(Supplied data begins)

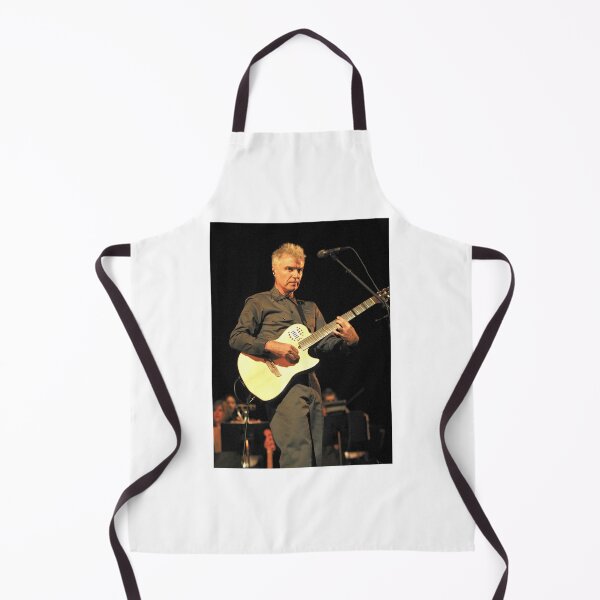 Item preview, David Byrne - Photograph designed and sold by ConcertImages.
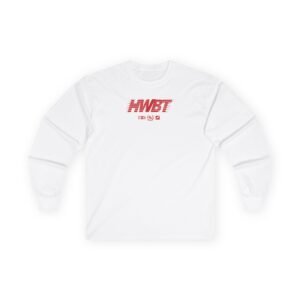 Mat Armstrong HWBT F430 LOGO Unisex Ultra Cotton Long Sleeve Tee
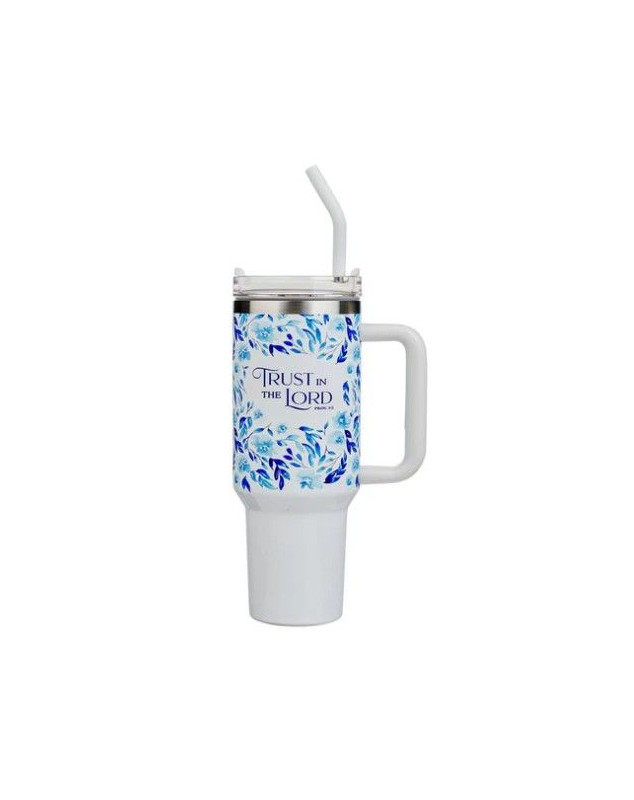 Mug en acier inoxydable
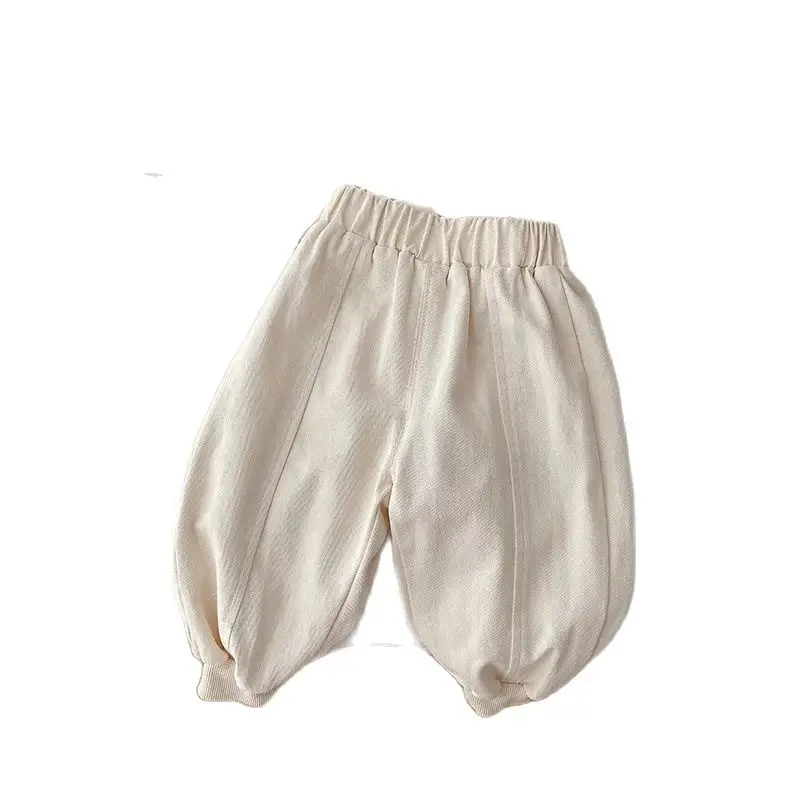 Pantalones Deportivos Unisex – Algodón Elastizado para Niños - imagen 5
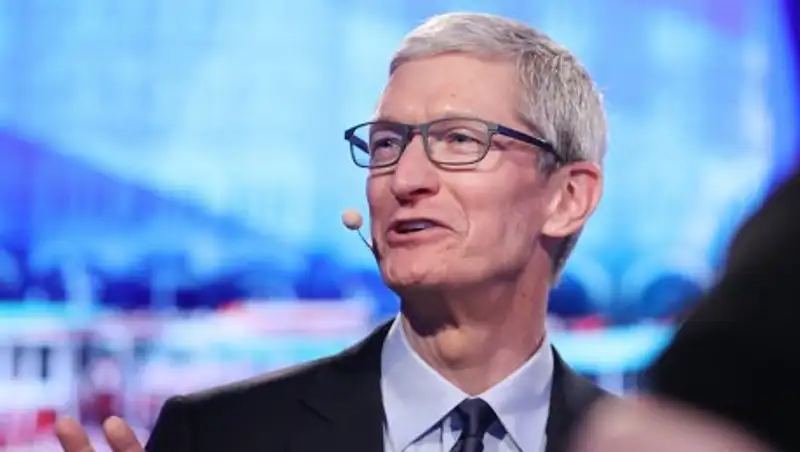 Глава Apple назвал основную проблему соцсетей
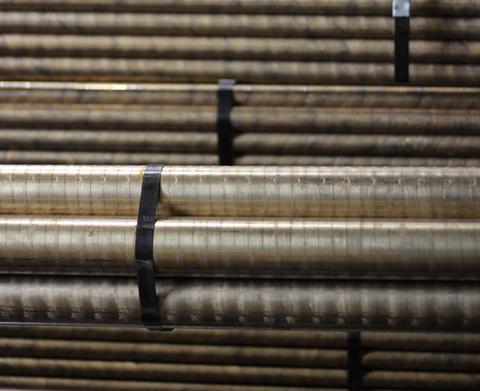 गोल C92200 टिन कांस्य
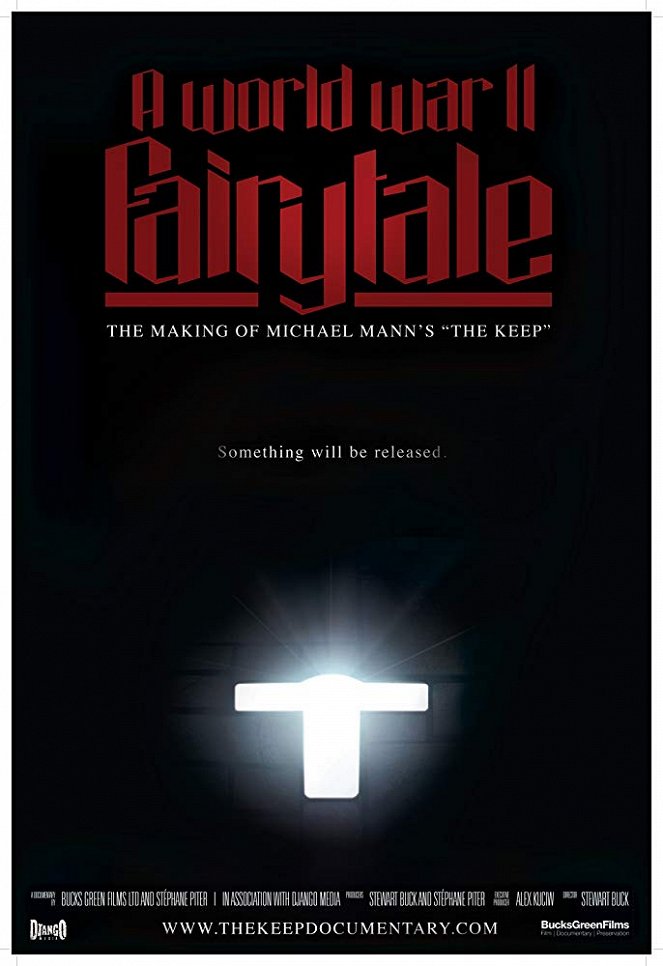A World War II Fairytale: The Making of Michael Mann's 'The Keep' - Plakate
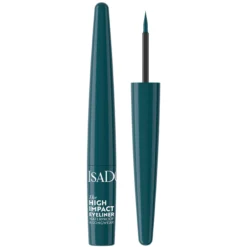 Isadora The High Impact Eyeliner 04 Honest Teal 1,7 ml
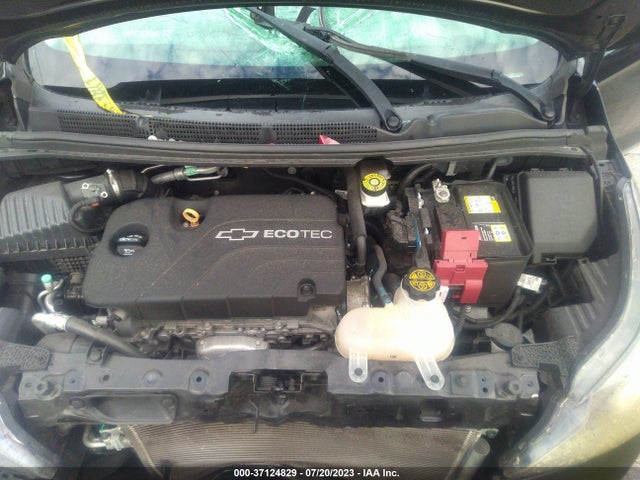 Chevrolet Spark Lt 2020 KL8CD6SA4LC456430 Image 10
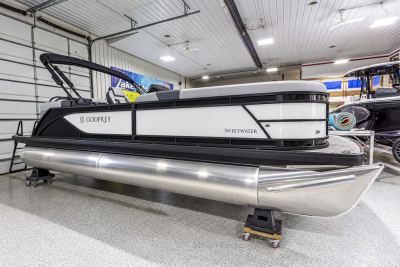 2027 Sweetwater 2286 SBC 27" iMPACT Triple Tube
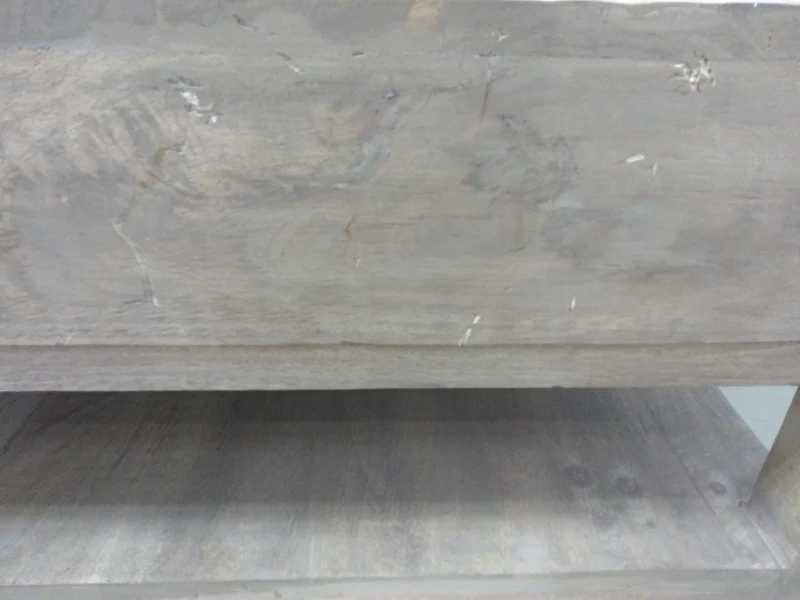 Table basse Loberon RASMUS en bois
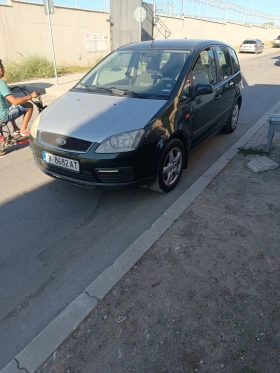     Ford C-max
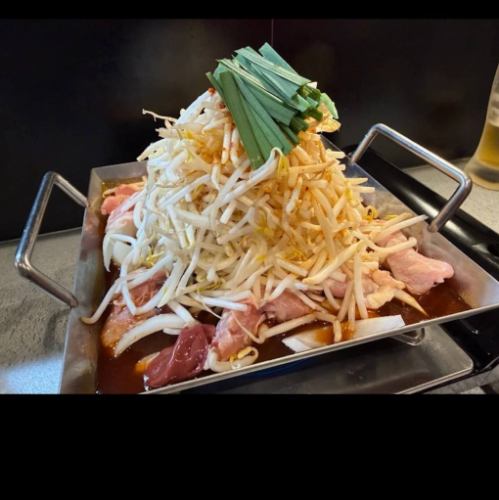 旨み引き立つ【ちりとり鍋】鶏肉と野菜の旨みが凝縮したスープを、素材の鮮度そのままに味わう人気料理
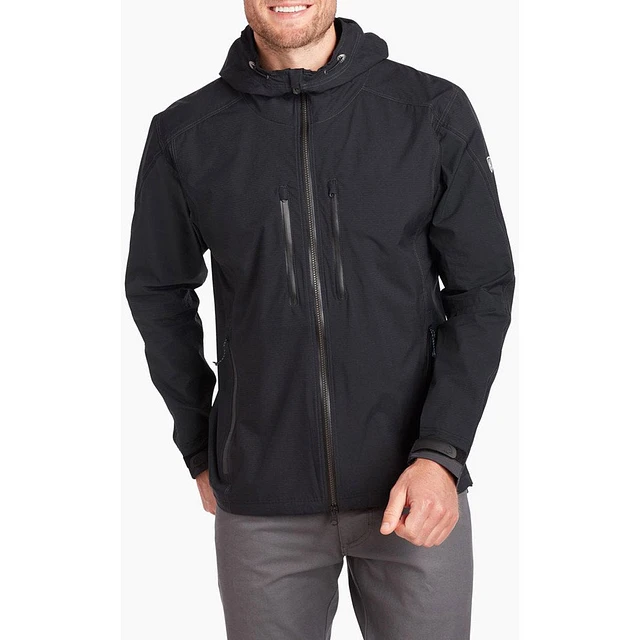 Cole Haan Men's Hooded Puffer Jacket At Men's Clothing Store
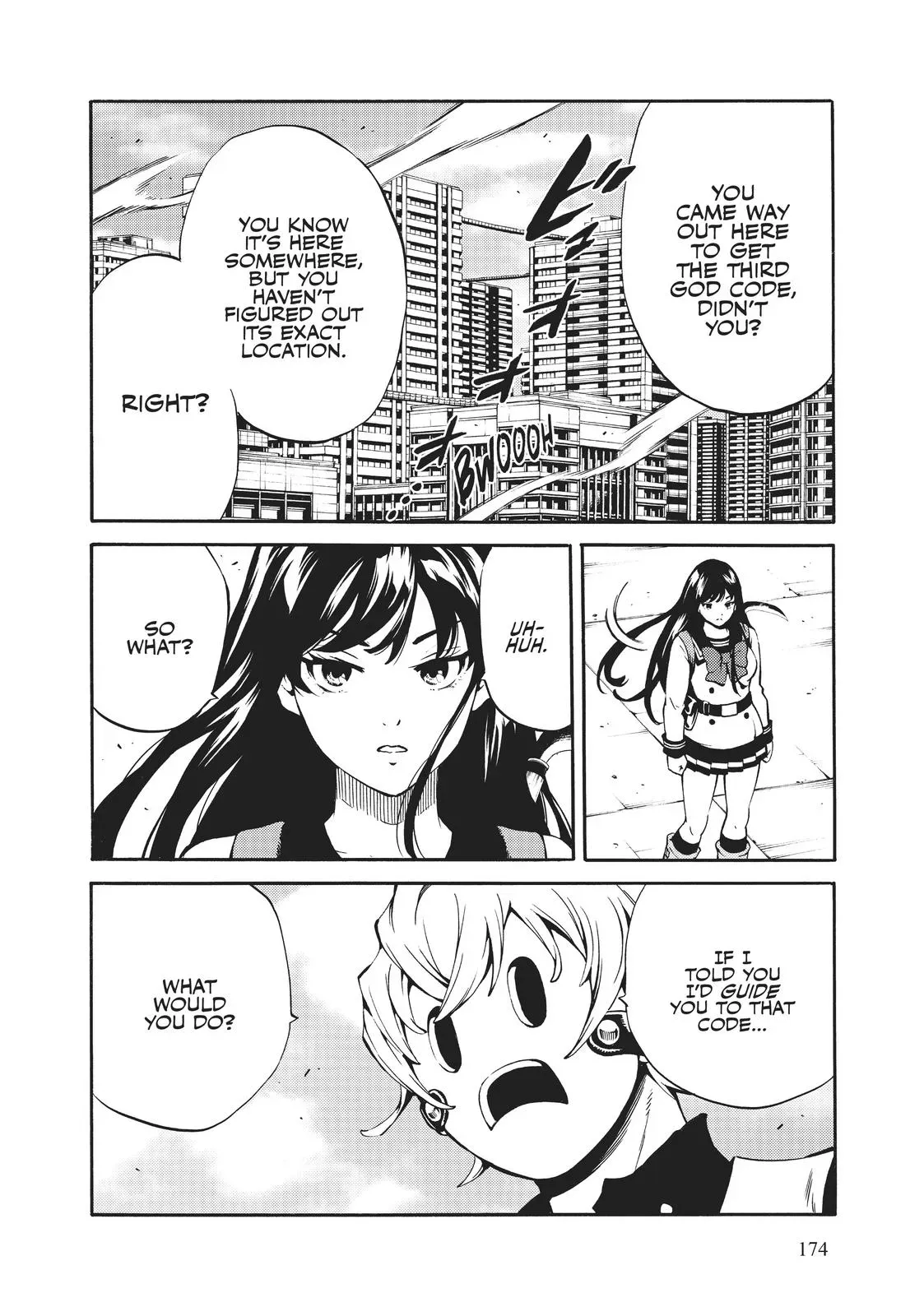 Read High-Rise Invasion chapter 230 image 3 on Lezhin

(Supplied data ends)

(Your objective):
Without the pictures, give back the entries exactly.

(Response area):
 Item preview, David Byrne - Photograph designed and sold by ConcertImages.
 Mat Armstrong HWBT F430 LOGO Unisex Ultra Cotton Long Sleeve Tee
 Mug en acier inoxydable
 Pantalones Deportivos Unisex – Algodón Elastizado para Niños - imagen 5
 Глава Apple назвал основную проблему соцсетей
 गोल C92200 टिन कांस्य
A World War II Fairytale: The Making of Michael Mann's 'The Keep' - Plakate
 Isadora The High Impact Eyeliner 04 Honest Teal 1,7 ml
 Chevrolet Spark Lt 2020 KL8CD6SA4LC456430 Image 10
 2027 Sweetwater 2286 SBC 27" iMPACT Triple Tube
 Table basse Loberon RASMUS en bois
     Ford C-max
 旨み引き立つ【ちりとり鍋】鶏肉と野菜の旨みが凝縮したスープを、素材の鮮度そのままに味わう人気料理
 Cole Haan Men's Hooded Puffer Jacket At Men's Clothing Store
 Read High-Rise Invasion chapter 230 image 3 on Lezhin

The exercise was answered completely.